*RECORDS SUPPLIED*:
>>>>>
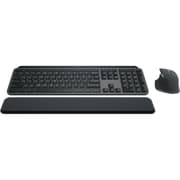 Logitech MX Master 3S Keys S Combo Performance Wireless Keyboard & Mouse with Palm Rest Customizable Illumination Fast Scrolling, Bluetooth, USB C, for Windows, Linux, Chrome, Mac Arabic & English Layout product image
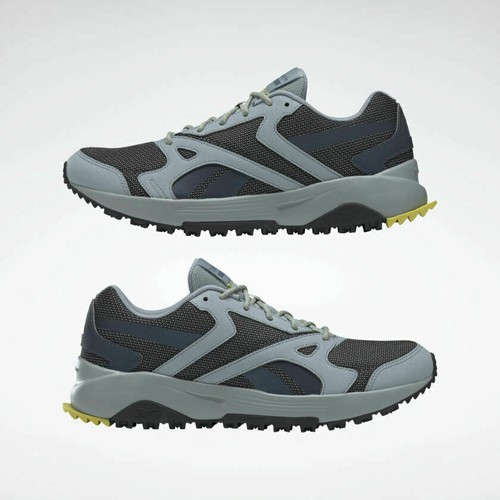 Reebok Lavante Terrain Running Hiking Shoes Grey Mens 9.5 NIB | eBay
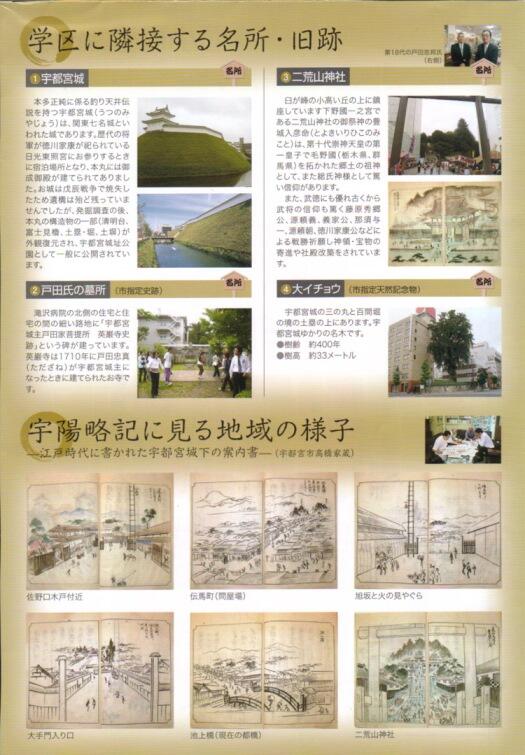 学区に隣接する名称・旧跡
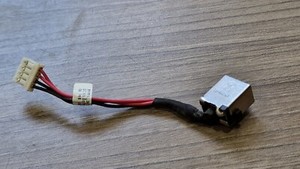 Acer Aspire ES1-572 Laptop DC in Power Klinke Kabel Buchse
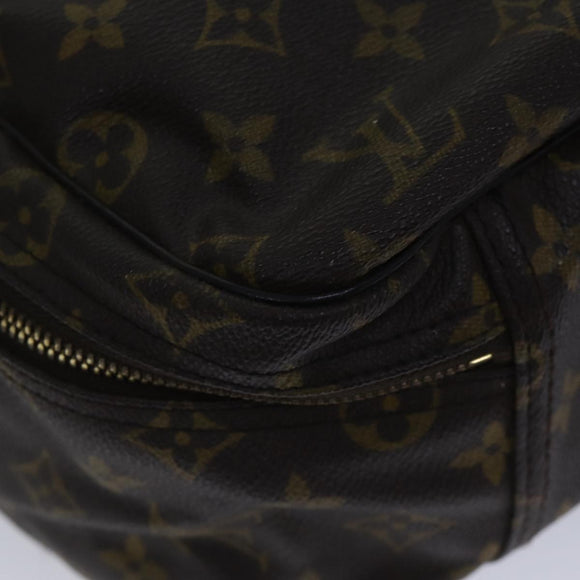 LOUIS VUITTON Monogram Excursion Hand Bag M41450 LV Auth bs17804
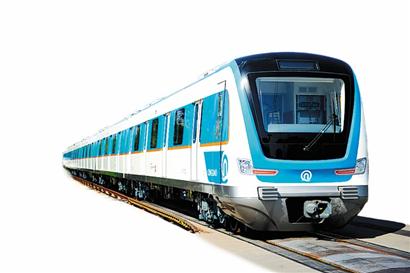 青岛地铁3号线首列车辆下线-青岛报纸电子版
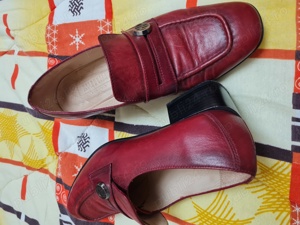 pantofi bordo Hispanitas marime 38 - imagine 3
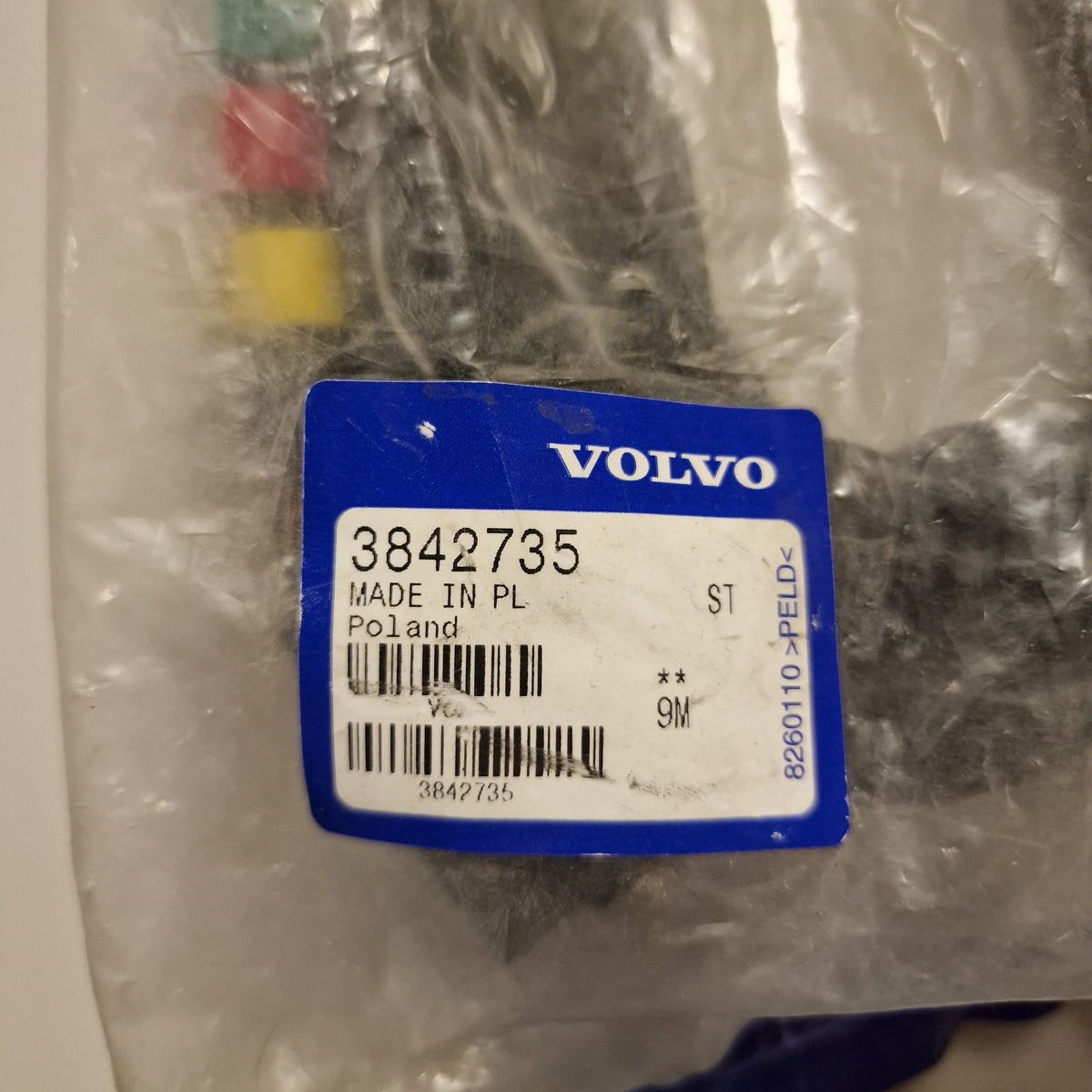 Volvo Penta EVC-forlengelseskabel 7 meter / Extension Cable – 3842735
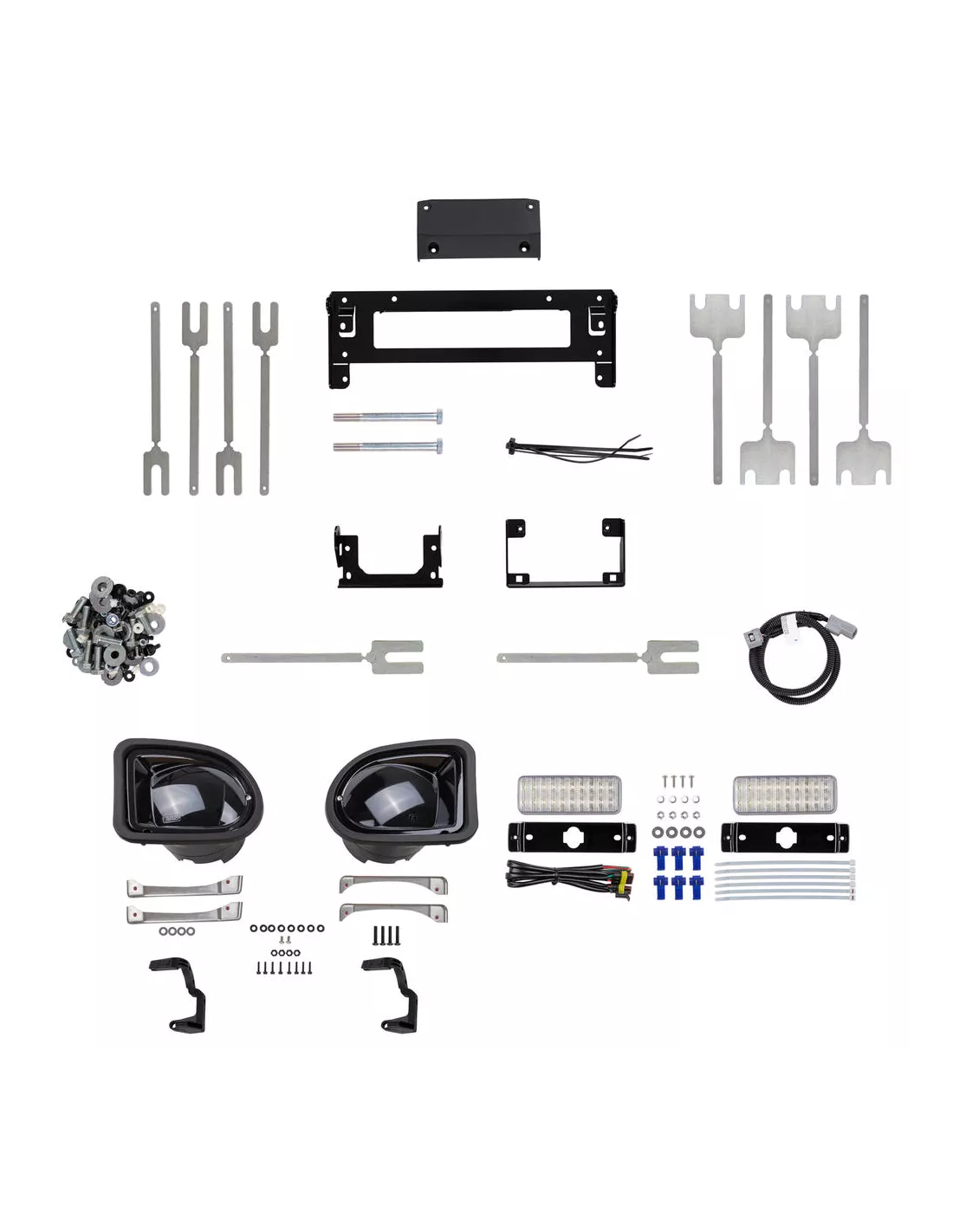 Pare chocs ARB Winch Bar Deluxe Toyota VDJ7 GRJ7 HZJ7 2007-2023 ARB -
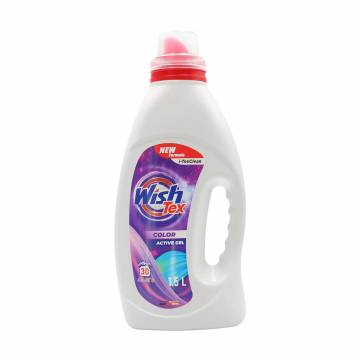 Гель для стирки WishTex Color, 30 стирок, 1.5 л Гель для стирки WishTex Color, 30 стирок, 1.5 л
<<<<<
*TASK GOAL*: The records must come back exactly, with their pictures removed.

*TASK ANSWER*:
 Logitech MX Master 3S Keys S Combo Performance Wireless Keyboard & Mouse with Palm Rest Customizable Illumination Fast Scrolling, Bluetooth, USB C, for Windows, Linux, Chrome, Mac Arabic & English Layout product image
 Reebok Lavante Terrain Running Hiking Shoes Grey Mens 9.5 NIB | eBay
 学区に隣接する名称・旧跡
 Acer Aspire ES1-572 Laptop DC in Power Klinke Kabel Buchse
 LOUIS VUITTON Monogram Excursion Hand Bag M41450 LV Auth bs17804
 青岛地铁3号线首列车辆下线-青岛报纸电子版
 pantofi bordo Hispanitas marime 38 - imagine 3
 Volvo Penta EVC-forlengelseskabel 7 meter / Extension Cable – 3842735
 Pare chocs ARB Winch Bar Deluxe Toyota VDJ7 GRJ7 HZJ7 2007-2023 ARB -
 Гель для стирки WishTex Color, 30 стирок, 1.5 л Гель для стирки WishTex Color, 30 стирок, 1.5 л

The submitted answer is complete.